There is something very strange about modern childhood. On too many occasions, parents seem to be commissioned into bringing up a member of the aristocracy. The aristocrat can leave their dirty clothes as and where they wish. They will be fed, watered and provided for. They can issue out for the day, or the night.
I observe this (almost) as an outsider. I never went through this as a child. Though it’s alien to my experience, it’s not unknown to me and I’ve observed this new strain of child-rearing, this indulged childhood.
A decade and a half ago, I suggested at a conference that we were missing a trick. And that some children were being grown in such a weird way, that it stopped them from growing. I pointed out that perhaps – for the first time ever – our children had no role in life.
Of course, blaming children or lax parenting hides the big elephant in this particular small room. Consumerism
That possibly up until the 1970s, many children had their tasks, jobs and responsibilities. As a child, I had to work part-time from the age of 10 to add lustre to the family exchequer. But that now, our children had no real role in many families. From birth to when they leave the nest, they live in a kind of ‘use vacuum’.
I suggested that children could start contributing to the family budget, or volunteer to help those in need. Unfortunately, this was interpreted by another speaker as a suggestion that we put our children up chimneys again as was done in Victorian times. I was outraged and protested. All I had suggested was “Let’s make childhood more dynamic by making it full of responsibility.”
I was reminded of this when talking to a mother recently. Her children tell her what to do. She is extremely unhappy with this and feels terrorised. She feels that her human rights are being violated by children who learn about human rights in school, but can’t see their application at home.
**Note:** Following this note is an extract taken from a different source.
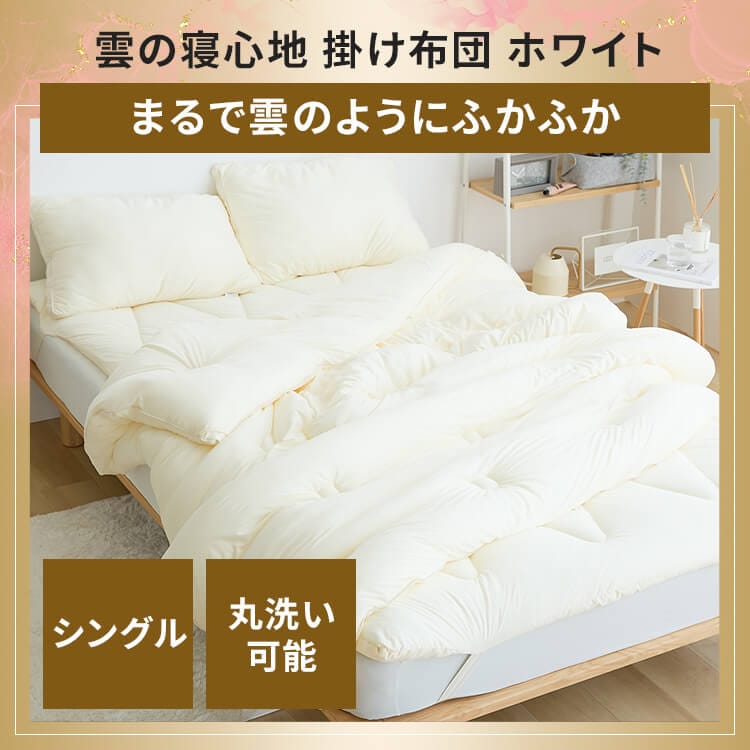 �_�̐Q�S�n�|�z�c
Is there an ideal way of bringing up a child? I’m not so sure. I have tried to bring my own children up through indulgences and through anger, and that didn’t always do well. I am not a model parent, but there must be a way of raising our children so they don’t terrorise, don’t dominate and don’t act as members of the 18th-century aristocracy, their parents as mere vassals.
The post-war English poet Philip Larkin wrote a poem called This Be The Verse. “They fuck you up, your mum and dad. They may not mean to, but they do.” I wonder, thinking of the terrorised mother, and many other examples I’ve seen of human rights abuses by children of their parents, whether Larkin might have written another poem. That is, if he moved on to fatherhood himself. It might have run “They fuck you up, your children…”
Our vendors buy every copy of the magazine from us for £1.25 and sell it on to you for £2.50. Which is why we ask you to ALWAYS take your copy of the magazine. We believe in trade not aid.
Of course, blaming children or lax parenting hides the big elephant in this particular small room. Consumerism. That is, the marketplace and the plethora of things a child must now ‘have’ in order to exist. Like their parents and like society in general, we are now so snowed under with delights and demands that the marketplace encourages us to use. We are so geared up to consumption that waste of the physical kind combines with the waste of the mind.
Children now are a big part of the marketplace. Billions are spent not (always) on their improvement, but on their appetites. And at the same time, we have children living a breadline life, in families that are barely keeping their nose above water. Alarmingly, more than two thirds of children living in poverty are from families where at least one parent is working.
Caught in a world of temptations, Pied Piper-ish, our children are being led into oblivion by devices and social media, which seems remarkably anti-social. Perhaps Instagram should carry a health warning?
This contradiction, between plenty and empty, lies at the centre of modern life. It eats into our collective happiness. It rots our democracy. What was Brexit all about if not this combination of indulgence and ugly need?
When I saw the terror in this mother’s eyes recently, I felt that there was a big human rights abuse happening, but that it was going unrecorded. That abuse was happening in a family that is not on the breadline. And that the bigger the range of gizmos for entertainment and distraction, and the more wires you can shove into your ears to cut you off from life, the more suffering you add to the world.
The hoovering up of vast amounts of money into the hands of the few has come at the expense of our children’s minds and bodies. Caught in a world of temptations, Pied Piper-ish, our children are being led into oblivion by devices and social media, which seems remarkably anti-social. Perhaps Instagram should carry a health warning? A University of Sheffield study revealed last year that the children who spend more time on online social networks feel less happy in almost every aspect of their lives.
— John Bird (@johnbirdswords) May 1, 2018
All the while, the fat cats laugh their way to the bank. And enslavement by the marketplace runs on ahead of us all.
I read a joke in my local parish magazine recently. A man is being rescued by a boat from a desert island after five years. Before he leaves, he’s handed the newspapers to check for sure that he wants to rejoin society. Funny, and thought-provoking.
How much of this existing world, with its endorsement of indulgence – and while hunger lurks close at hand – actually makes sense? You certainly wouldn’t plan it this way.
Larkin blamed parents. Perhaps he was right, and we’ve allowed such indulgences to gain the upper hand.
But don’t blame the kids! They are innocents on to which we allow the market to feast its ugly distortions.